Lee Hall’s Cooking With Elvis is tasteless, crude, and has all the ingredients you’d expect of a gross-out movie. And, strangely enough, I like it.
Live Theatre’s record of new writing is a hit-and-miss one. That is something that very much comes with the territory of new writing – to do something successful, you have to take risks, and inevitably there are times when it doesn’t work out. That is why I have generally been forgiving of Live when they produced the occasional dud. But sooner or later, you have to produce something to show it’s been worth it, and this year, Exhibit A from Live Theatre is a revival of Lee Hall’s 1998 play Cooking With Elvis. This time, there is no room for excuses: Lee Hall is as established a writer as you can get, they’ve had an original run to see what works and what doesn’t, and this production should be considered an example of the best Live can do. So, don’t think you’re under any pressure or anything. How does it do?

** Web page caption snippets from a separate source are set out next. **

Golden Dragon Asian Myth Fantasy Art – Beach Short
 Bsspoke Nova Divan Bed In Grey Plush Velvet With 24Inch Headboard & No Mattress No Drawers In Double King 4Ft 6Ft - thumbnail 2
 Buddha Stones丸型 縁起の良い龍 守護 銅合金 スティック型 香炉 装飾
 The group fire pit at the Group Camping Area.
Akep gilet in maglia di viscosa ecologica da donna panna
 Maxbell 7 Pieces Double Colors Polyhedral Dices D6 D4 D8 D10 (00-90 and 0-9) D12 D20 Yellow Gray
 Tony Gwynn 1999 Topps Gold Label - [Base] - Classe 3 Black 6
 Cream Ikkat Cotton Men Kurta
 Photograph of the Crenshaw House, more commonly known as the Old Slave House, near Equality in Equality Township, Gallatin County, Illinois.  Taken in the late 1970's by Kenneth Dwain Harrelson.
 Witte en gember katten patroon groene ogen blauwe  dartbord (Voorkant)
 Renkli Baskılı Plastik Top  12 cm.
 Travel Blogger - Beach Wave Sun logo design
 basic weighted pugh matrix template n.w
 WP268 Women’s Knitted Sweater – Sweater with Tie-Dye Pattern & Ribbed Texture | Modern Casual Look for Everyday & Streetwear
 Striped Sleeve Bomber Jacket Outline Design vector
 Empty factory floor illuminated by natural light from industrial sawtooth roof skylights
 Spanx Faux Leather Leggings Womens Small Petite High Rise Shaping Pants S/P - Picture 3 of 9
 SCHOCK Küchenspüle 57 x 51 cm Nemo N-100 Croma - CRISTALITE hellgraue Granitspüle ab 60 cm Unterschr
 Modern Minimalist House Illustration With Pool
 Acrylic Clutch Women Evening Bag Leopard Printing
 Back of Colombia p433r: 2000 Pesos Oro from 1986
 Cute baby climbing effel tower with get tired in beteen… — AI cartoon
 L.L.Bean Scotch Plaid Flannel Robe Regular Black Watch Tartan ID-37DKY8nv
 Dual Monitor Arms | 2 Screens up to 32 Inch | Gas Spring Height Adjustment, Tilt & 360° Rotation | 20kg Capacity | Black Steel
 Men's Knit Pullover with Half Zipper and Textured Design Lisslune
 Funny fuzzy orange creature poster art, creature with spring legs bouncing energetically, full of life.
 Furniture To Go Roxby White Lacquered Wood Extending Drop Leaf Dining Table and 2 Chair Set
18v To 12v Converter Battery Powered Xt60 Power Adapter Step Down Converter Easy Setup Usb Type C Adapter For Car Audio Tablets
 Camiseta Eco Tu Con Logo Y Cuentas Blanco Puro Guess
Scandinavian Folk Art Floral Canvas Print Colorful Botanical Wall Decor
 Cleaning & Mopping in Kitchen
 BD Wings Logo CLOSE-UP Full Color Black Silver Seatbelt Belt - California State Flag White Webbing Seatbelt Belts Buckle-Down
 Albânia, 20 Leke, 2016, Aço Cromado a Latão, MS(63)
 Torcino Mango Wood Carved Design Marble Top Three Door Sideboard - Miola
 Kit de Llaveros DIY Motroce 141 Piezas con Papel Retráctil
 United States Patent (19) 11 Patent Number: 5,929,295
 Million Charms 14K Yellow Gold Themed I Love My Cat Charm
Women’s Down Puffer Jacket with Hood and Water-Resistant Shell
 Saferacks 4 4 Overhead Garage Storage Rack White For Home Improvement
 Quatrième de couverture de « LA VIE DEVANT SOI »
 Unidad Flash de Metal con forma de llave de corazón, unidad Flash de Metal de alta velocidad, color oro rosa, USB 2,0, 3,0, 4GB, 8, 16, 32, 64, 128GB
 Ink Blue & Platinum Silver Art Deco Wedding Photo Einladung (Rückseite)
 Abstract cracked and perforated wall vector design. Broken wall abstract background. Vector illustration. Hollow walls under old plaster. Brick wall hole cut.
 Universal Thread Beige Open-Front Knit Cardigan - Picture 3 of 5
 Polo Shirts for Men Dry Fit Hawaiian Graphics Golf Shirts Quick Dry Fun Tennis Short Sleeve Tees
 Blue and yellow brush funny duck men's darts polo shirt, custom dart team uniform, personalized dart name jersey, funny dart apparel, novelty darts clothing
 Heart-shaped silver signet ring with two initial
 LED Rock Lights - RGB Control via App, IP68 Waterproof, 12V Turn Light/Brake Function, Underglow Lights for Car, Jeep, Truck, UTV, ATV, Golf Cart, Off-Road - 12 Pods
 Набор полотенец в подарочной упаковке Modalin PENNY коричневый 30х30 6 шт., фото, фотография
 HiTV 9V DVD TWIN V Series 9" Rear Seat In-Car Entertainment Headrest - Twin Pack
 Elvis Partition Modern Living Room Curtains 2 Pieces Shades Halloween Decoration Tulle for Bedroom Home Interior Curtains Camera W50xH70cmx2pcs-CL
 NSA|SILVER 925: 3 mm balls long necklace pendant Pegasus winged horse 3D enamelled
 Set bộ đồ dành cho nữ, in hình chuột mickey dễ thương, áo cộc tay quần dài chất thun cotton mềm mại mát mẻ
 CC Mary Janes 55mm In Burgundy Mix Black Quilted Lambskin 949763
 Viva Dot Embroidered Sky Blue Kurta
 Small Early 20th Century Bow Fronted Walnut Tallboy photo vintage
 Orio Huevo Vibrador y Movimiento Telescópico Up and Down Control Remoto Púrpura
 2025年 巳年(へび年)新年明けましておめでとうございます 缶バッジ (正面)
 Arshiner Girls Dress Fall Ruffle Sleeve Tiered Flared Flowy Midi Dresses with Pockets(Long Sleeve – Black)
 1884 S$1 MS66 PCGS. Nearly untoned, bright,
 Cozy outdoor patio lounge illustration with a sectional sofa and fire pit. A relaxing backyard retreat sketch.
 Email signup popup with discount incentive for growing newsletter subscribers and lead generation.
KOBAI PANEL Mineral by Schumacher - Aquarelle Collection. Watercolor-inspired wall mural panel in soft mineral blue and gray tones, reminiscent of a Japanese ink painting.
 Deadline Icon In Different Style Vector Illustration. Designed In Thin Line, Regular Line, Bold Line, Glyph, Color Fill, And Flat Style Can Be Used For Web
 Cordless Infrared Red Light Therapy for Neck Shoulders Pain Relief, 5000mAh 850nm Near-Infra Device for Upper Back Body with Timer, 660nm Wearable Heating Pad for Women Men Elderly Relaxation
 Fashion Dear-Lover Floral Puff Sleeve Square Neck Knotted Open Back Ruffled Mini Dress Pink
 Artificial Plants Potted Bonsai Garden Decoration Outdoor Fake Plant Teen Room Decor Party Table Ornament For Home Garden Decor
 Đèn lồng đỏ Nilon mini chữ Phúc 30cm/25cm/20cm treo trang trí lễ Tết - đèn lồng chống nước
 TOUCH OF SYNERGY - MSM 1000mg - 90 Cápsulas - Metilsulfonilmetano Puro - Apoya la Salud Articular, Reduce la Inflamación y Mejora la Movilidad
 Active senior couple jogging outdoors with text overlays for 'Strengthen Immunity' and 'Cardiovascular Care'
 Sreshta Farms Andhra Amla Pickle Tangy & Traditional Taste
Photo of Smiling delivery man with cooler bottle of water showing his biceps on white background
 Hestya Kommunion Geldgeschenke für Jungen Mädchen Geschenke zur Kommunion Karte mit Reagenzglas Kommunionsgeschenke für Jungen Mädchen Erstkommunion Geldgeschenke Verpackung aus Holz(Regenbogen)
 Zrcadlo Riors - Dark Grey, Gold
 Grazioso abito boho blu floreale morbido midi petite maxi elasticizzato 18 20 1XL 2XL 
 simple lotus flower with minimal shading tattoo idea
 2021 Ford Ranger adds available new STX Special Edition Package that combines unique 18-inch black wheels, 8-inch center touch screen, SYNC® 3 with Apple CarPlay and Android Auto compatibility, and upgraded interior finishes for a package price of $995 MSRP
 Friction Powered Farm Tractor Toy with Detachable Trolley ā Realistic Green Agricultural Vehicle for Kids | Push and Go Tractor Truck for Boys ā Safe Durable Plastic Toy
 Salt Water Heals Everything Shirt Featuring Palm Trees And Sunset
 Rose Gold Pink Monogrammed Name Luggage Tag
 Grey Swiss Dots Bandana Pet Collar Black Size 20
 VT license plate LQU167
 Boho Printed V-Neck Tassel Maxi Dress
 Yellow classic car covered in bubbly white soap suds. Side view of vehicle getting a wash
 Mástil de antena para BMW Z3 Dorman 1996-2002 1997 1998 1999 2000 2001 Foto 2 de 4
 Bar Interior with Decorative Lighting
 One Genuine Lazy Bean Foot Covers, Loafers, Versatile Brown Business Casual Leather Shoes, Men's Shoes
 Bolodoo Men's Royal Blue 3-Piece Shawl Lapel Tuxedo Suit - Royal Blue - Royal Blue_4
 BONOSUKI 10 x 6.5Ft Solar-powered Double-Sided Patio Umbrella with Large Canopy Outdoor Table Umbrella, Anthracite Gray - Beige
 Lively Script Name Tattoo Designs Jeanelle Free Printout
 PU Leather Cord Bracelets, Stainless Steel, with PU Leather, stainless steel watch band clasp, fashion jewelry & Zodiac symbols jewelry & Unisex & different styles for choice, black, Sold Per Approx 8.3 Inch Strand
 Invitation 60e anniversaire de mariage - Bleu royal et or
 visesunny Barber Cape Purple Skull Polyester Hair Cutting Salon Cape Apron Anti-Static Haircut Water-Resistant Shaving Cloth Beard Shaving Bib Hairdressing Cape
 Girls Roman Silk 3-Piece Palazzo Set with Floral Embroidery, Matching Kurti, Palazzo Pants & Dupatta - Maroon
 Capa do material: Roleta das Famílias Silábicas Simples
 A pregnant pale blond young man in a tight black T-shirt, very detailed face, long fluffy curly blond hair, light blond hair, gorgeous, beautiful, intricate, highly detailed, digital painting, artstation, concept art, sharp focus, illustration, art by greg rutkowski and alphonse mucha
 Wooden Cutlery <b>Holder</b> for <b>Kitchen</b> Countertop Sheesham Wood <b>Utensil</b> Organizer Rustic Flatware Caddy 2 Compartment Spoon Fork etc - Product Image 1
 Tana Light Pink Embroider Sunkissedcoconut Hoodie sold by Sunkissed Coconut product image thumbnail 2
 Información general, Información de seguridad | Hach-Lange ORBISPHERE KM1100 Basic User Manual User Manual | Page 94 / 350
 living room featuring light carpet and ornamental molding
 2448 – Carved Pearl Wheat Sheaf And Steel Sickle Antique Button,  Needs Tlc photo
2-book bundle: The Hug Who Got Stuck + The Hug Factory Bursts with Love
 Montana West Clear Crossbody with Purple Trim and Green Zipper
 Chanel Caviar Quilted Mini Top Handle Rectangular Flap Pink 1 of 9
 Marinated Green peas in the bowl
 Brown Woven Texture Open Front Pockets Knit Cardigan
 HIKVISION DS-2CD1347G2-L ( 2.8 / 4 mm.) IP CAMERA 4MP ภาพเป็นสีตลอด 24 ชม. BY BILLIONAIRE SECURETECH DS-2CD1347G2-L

Well, I’ll start with one of my favourite moments, halfway through Act One. Stuart (Riley Jones) comes round to the house of Jill (Victoria Berwick) and her Mam (Tracy Whitwell). Jill politely tells Stuart that she hopes his last visit wasn’t too much trouble, and Stuart politely replies that it was nothing unusual. Which is probably the biggest understatement in the history of theatre, because the last time he was in the house was when he’s been brought back by Jill’s horny alcohic Mam ( Tracy Whitwell), been made to strip off, only to be interrupted by Jill wheeling in her vegetative Ex-Elvis Impersonator Dad (Joe Caffrey) who proceeds to piss on Stuart. In spite of this, Mam still brings in Stuart as her live-in toy boy. Jill, it appears does nothing but cook fancy meals, and suffers endless taunts from her mother for not doing proper stuff teenage girls to, like getting a boyfriend. Until we reach Act One Scene Thirteen. This is announced by Jill as the “end of Act One twist”, and you can probably guess what that twist involves.